You can find here a helm chart we're using at MySocialApp (iOS and Android social app builder - SaaS)
Kubernetes Helm Chart for Cassandra
You can automatically backup on AWS S3. A cronjob exist for it, you simple have to set the "cassandraBackup" parameters.
- To list backups for a statefulset instance, connect to an instance like in this example and call the script:
kubectl exec -it cassandra-0 bash
/usr/local/apache-cassandra/scripts/snapshot2s3.sh list <AWS_ACCESS_KEY_ID> <AWS_SECRET_ACCESS_KEY> <AWS_PASSPHRASE> <AWS_BUCKET>
Replace all AWS information with the corresponding ones.
- To restore backups, configure properly the "restoreFolder" var and run this command:
kubectl exec -it cassandra-0 bash
/usr/local/apache-cassandra/scripts/snapshot2s3.sh restore <AWS_ACCESS_KEY_ID> <AWS_SECRET_ACCESS_KEY> <AWS_PASSPHRASE> <AWS_BUCKET> <RESTORE_TIME>
RESTORE_TIME should be used as described in the Duplicity manual Time Format section. For example (3D to restore the the last 3 days backup)
You can then use the script cassandra-restore.sh to restore a desired keyspace with all or one table:
/usr/local/apache-cassandra/scripts/cassandra-restore.sh /var/lib/cassandra/restore/var/lib/cassandra/data [keyspace]
Try to use help if you need more info about it.
You can enable Cassandra Reaper within your cluster to get self managed Cassandra repairs.
A graphical interface is available with an API. You have to enable a reaper server and server registration from the config:
# Cassandra Reaper Client register
cassandraReaperRegister:
enabled: false
reaperServerServiceName: cassandra-reaper.svc
# Cassandra Reaper Server
cassandraReaper:
enabled: true
Then configure the settings to make it work as expected. The backend is forced to Cassandra to get Reaper persistence, distribution and high availability.

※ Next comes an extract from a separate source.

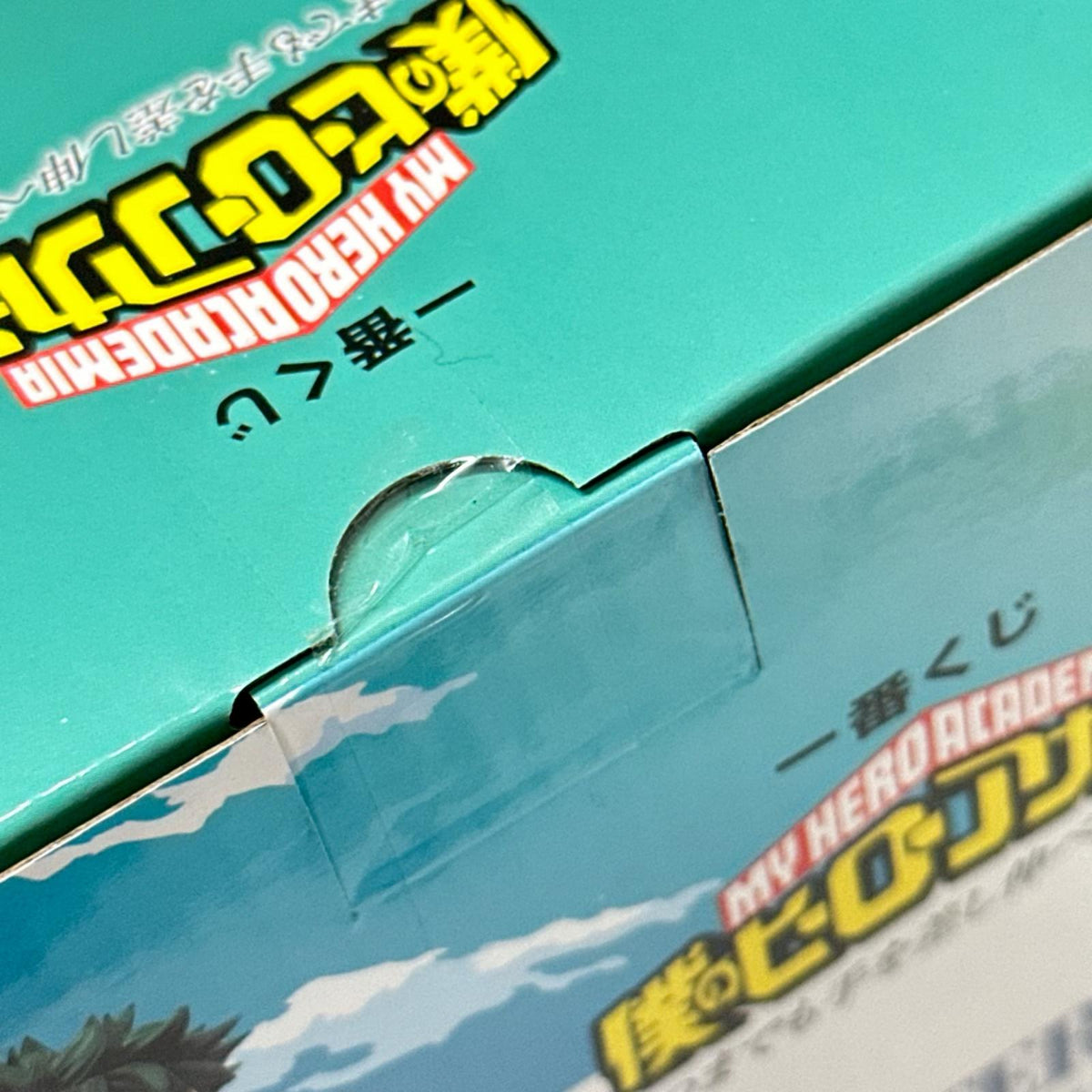 A賞 緑谷出久 MASTERLISE ヒロアカ フィギュア/グッズ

With the statefulset, it can be hard to send spectific parameters to a node. That's why there is an override script on boot to help on adding configuration parameters or specificities.

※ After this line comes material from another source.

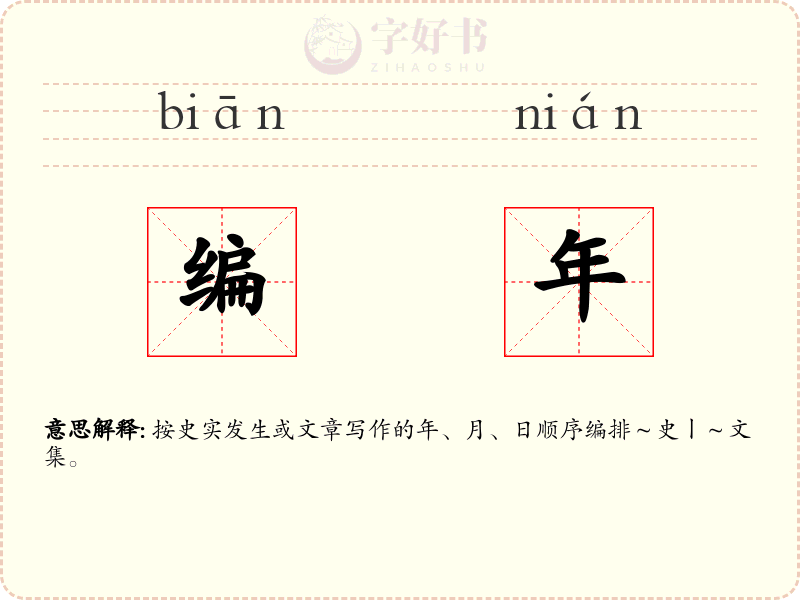 编年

Let's say you've a 6 nodes cluster and want to replace 2nd node (cassandra-1) because of corrupted data. First, look at the current status:
root@cassandra-0:/# /usr/local/apache-cassandra/bin/nodetool status
Datacenter: dc1
====================
Status=Up/Down
|/ State=Normal/Leaving/Joining/Moving
-- Address Load Tokens Owns (effective) Host ID Rack
UN 10.233.95.137 16.28 MiB 256 49.7% eea07a91-5e4b-4864-83fe-0b308b7852ef Rack1
UN 10.233.82.219 15.63 MiB 256 50.5% 39fb9d94-3d38-423e-af52-8d41f1a1591d Rack1
DN 10.233.93.174 41.38 MiB 256 51.1% 8aa01735-1970-4c30-b107-5acf28a614a1 Rack1
UN 10.233.95.211 16.61 MiB 256 48.6% fc7065de-e4db-45f3-ac5b-86956e35df4f Rack1
UN 10.233.121.130 17.2 MiB 256 51.5% 8c817b60-3be5-4b59-99cc-91d1d116d711 Rack1
UN 10.233.68.55 16.39 MiB 256 48.5% e319c1c2-0b00-4377-b6f9-64dac1553d42 Rack1
To replace the dead node, edit configmap directly and add this line before run.sh:
run_override.sh: |-
#/bin/sh
export CLUSTER_DOMAIN=$(hostname -d | awk -F"." '{print $(NF-1),".",$NF}' | sed 's/ //g')

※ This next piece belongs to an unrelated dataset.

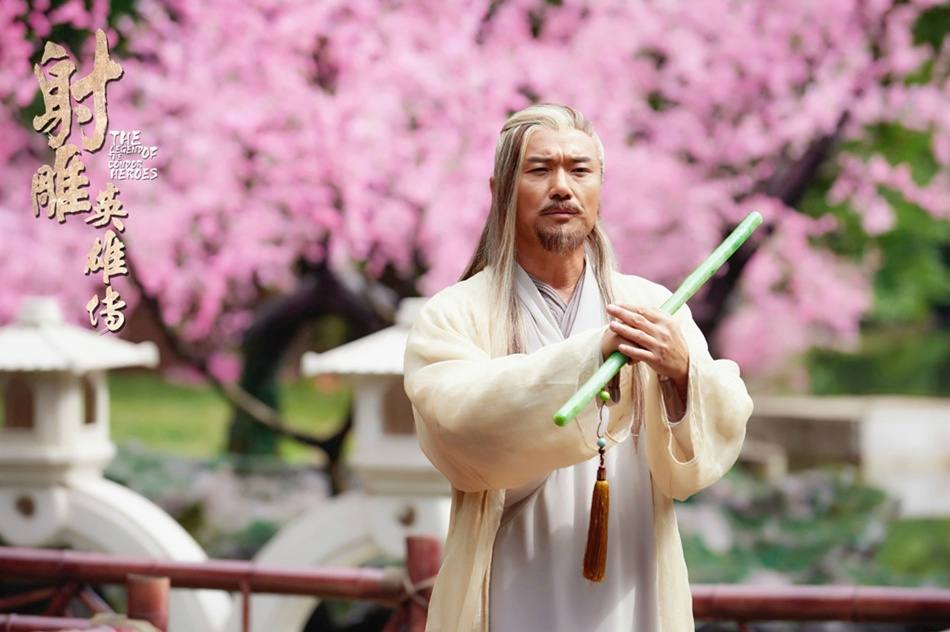 มังกรหยก 2016 The Legend of the Condor Heroes 《射雕英雄传》 2016 part52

export CASSANDRA_SEEDS={{ template "kubernetes.name" . }}-0.{{ template "kubernetes.name" . }}.{{ .Release.Namespace }}.svc.$CLUSTER_DOMAIN,{{ template "kubernetes.name" . }}-1.{{ template "kubernetes.name" . }}.{{ .Release.Namespace }}.svc.$CLUSTER_DOMAIN
# Replace 10.233.93.174 with the ip of the node down
if $(hostname) == 'cassandra-1' && export CASSANDRA_REPLACE_NODE=10.233.93.174
/run.sh
Replace cassandra-1 and the IP address with yours. Then delete the content of the Cassandra data folder (with commit logs etc...) and delete the pod (here cassandra-1). It will then replace the dead one by resyncing the content and it could takes time depending on the data size. Do not forget to remove the line previously inserted when finished.